* Task directions: Leave out the pictures and set down the rest of the listing below word for word.

___ Provided data ___

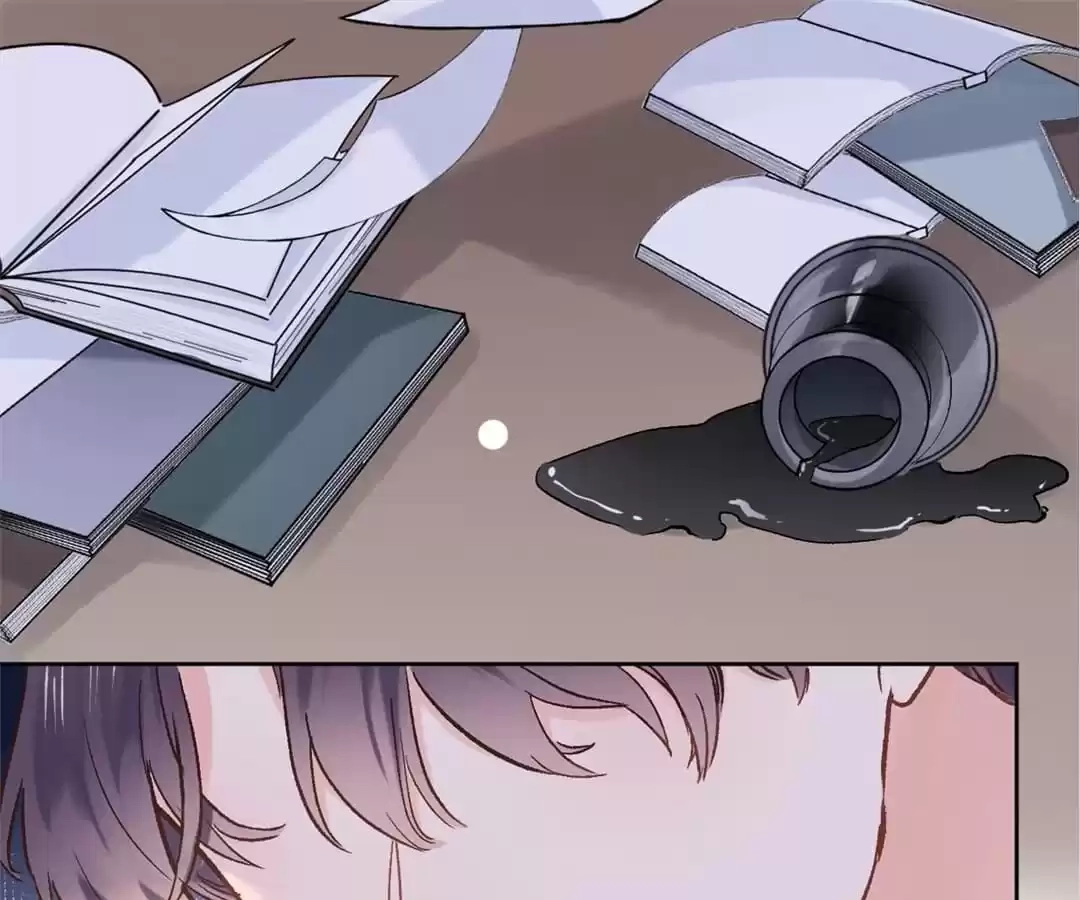  Chapter 41 page 49 - 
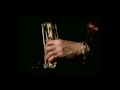 The Last Tango in Paris - Gato Barbieri LIVE 2001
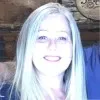 Tina Hagerty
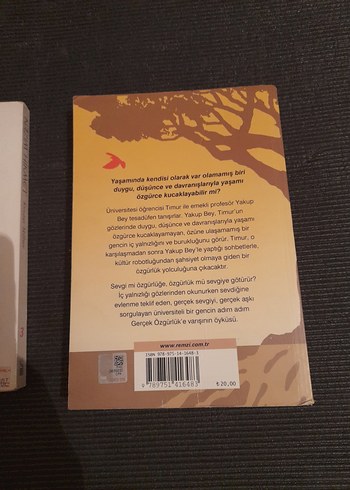 kişisel gelişim kitapları - Görsel 6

___

* Written solution:
  Chapter 41 page 49 - 
 The Last Tango in Paris - Gato Barbieri LIVE 2001
 Tina Hagerty
 kişisel gelişim kitapları - Görsel 6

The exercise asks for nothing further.